Si parla, dunque, della cessione di una somma di denaro, da parte di una banca o di un istituto specializzato, ad un tasso d’interesse solitamente fisso, che il debitore deve restituire secondo un piano rateale costante.
Il prestito personale viene anche definito come “credito al consumo”, in quanto non direttamente riconducibile all’acquisto di un determinato bene o servizio.

Non avendo un obbligo di destinazione, il prestito personale è rivolto a quelle persone fisiche, che in necessità di liquidità vogliono richiedere del denaro agli istituti di credito senza dover dare spiegazioni sullo scopo dello stanziamento economico.
Cercando di quantificare, pur in via approssimativa, l’entità dei prestiti generalmente concessi variano da euro 1.500,00 ad euro 30.000,00 con una durata del finanziamento tra 1 anno ai 5 anni.

Federica Ferri

IL CONTRATTO DI PRESTITO


Il contratto di prestito consiste nell’accordo con cui un soggetto si impegna a consegnare una determinata somma di denaro ad un secondo soggetto che si impegna a restituirla a determinate condizioni.
In quanto contratto, è fonte di obbligazioni ed ha un contenuto patrimoniale.
Con la sottoscrizione del contratto di prestito viene formalizzata la richiesta di finanziamento tra il richiedente e l’istituto o banca erogatrice.

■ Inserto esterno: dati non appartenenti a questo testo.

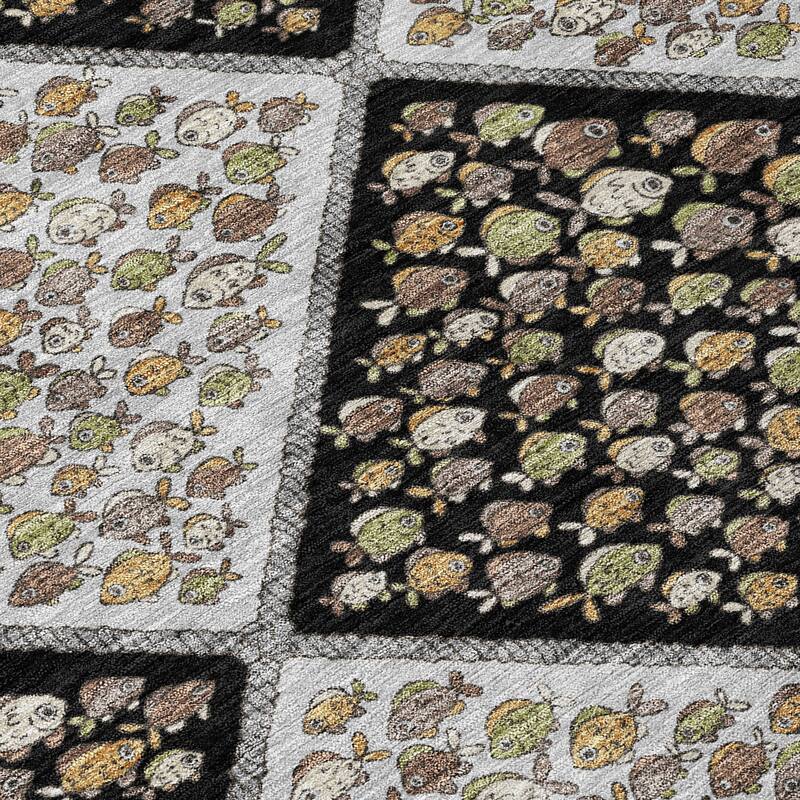 Machine Washable Indoor/ Outdoor Diamond Fish Chantille Rug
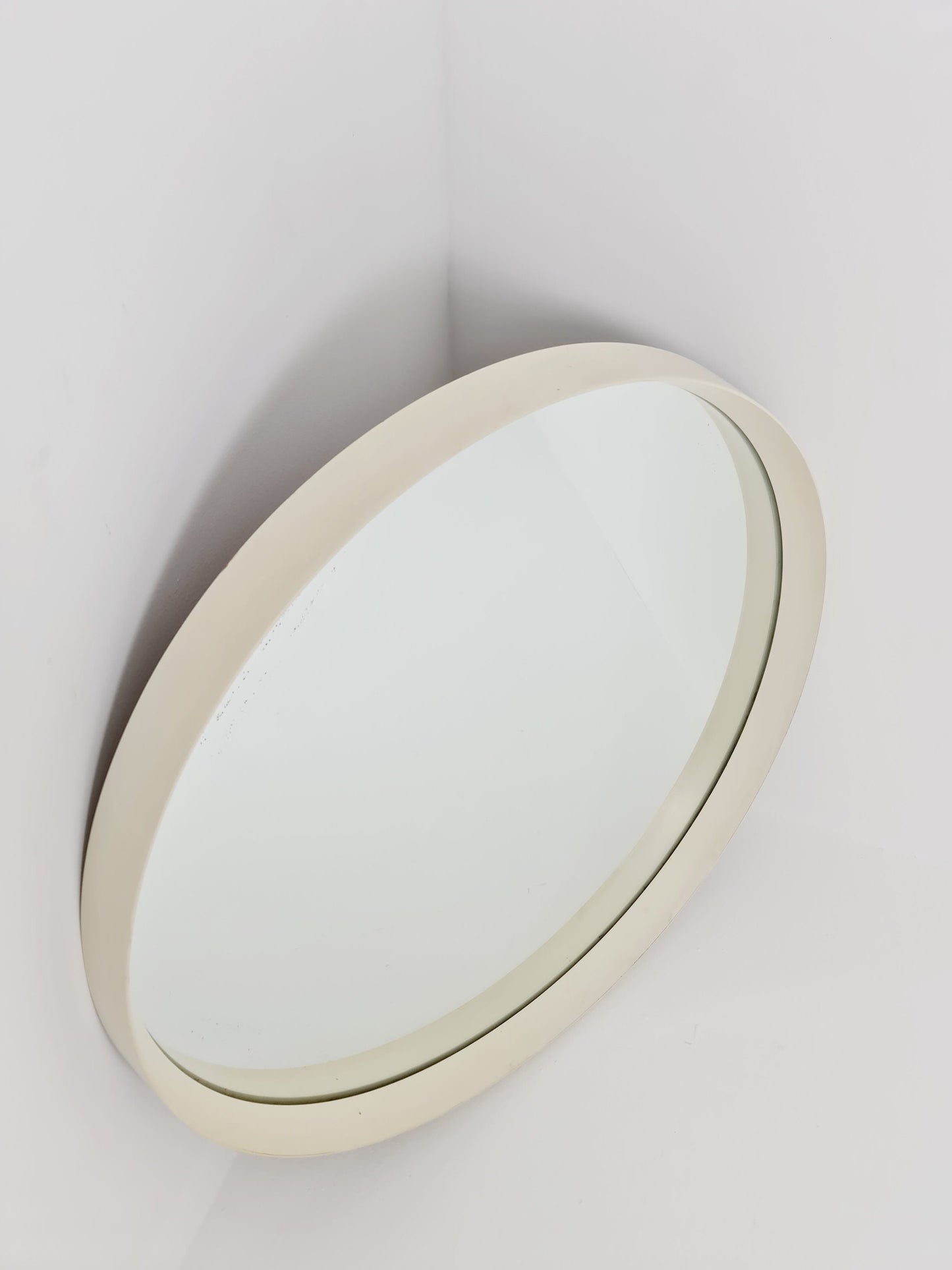 Round space age retro plastic white mirror By Schönbuch, 1970s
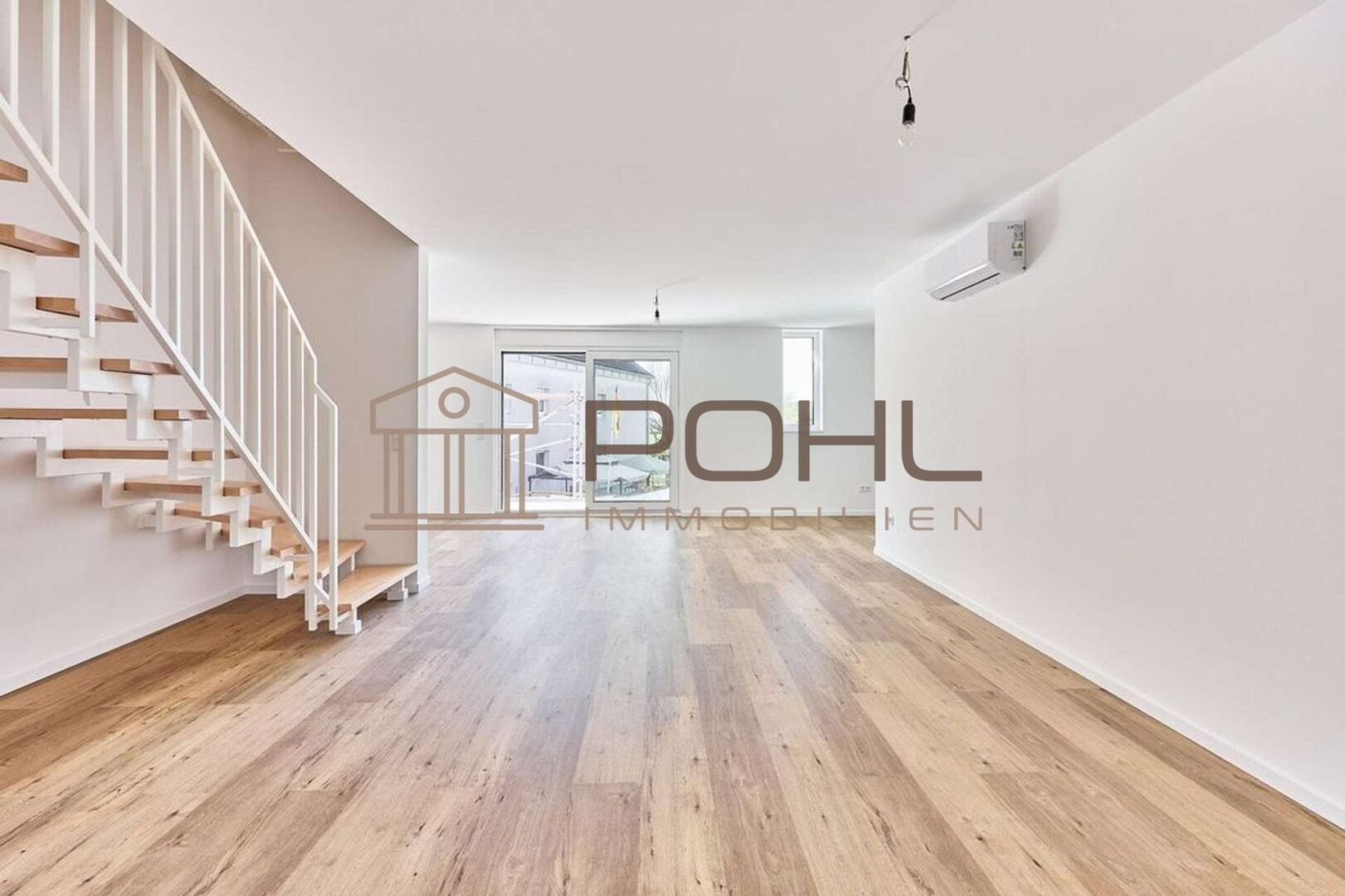 1a85cc7e-5caa-4b02-8f69-14c76ec4a533-1893290195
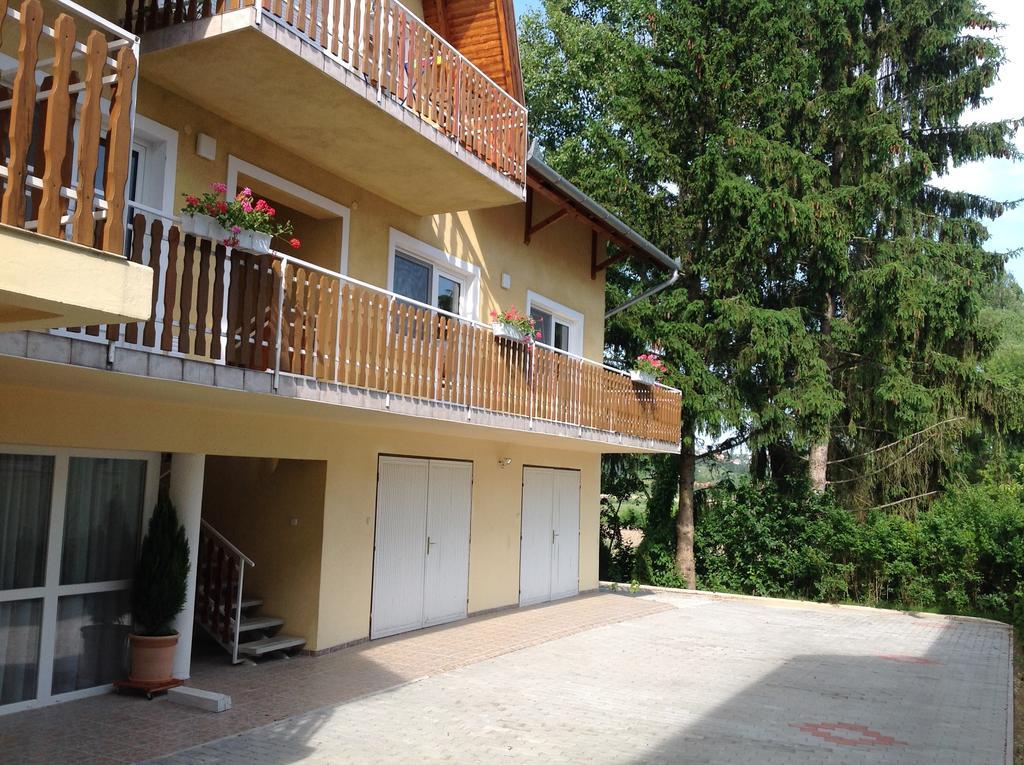 Attila Apartmanhaz Hotell Hévíz Exteriör bild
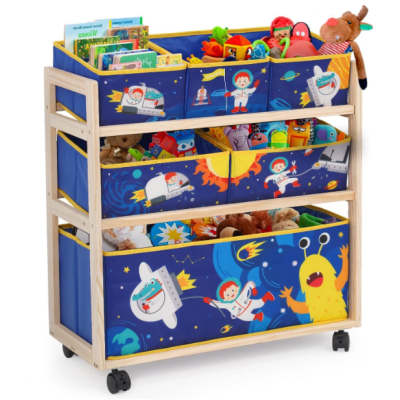 Estante organizadora de madeira com caixas azuis decoradas com astronautas e monstros no espaço, cheia de brinquedos.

E’ necessaria la duplice copia.
Esso dovrà contenere: i dati anagrafici del richiedente, il suo stato civile, professione e livello di reddito, le condizioni del finanziamento, le garanzie e la sottoscrizione di un’eventuale copertura assicurativa.
Indispensabile, l’indicazione della modalità del rimborso del prestito (tramite bollettini postali a tramite RID bancari o postali), l’autorizzazione al trattamento dei propri dati personali da parte della società finanziaria, ai sensi di legge, ai fini dell’espletamento dell’incarico.
Nel testo dell’accordo, vengono poi precisate le condizioni generali del finanziamento: TAEG, TAN, le sanzioni contrattuali per i casi di insolvenza o di estinzione anticipata, eventuali condizioni assicurative, la possibilità di cessione del contratto a terze società.
Come già detto, si allega inoltre l’informativa sulla privacy.

L’intero contratto finanziario dovrebbe essere improntato al rispetto delle regole di trasparenza specifiche, la mancanza delle quali potrebbe dar luogo alla nullità dello stesso.
Trasparenza significa che il tasso di interesse praticato dovrà essere ben chiaro, così come l’ammontare del finanziamento, importo, numero e scadenza di ogni singola rata.
In generale, negli ultimi anni, il tasso d’interesse legale è stato fissato al 5% ma, in virtù della libera autonomia delle parti, ogni istituto finanziario dispone di un certo grado di flessibilità per potersi accordare (con vincolo di forma scritta) con il contraente ad un tasso più elevato.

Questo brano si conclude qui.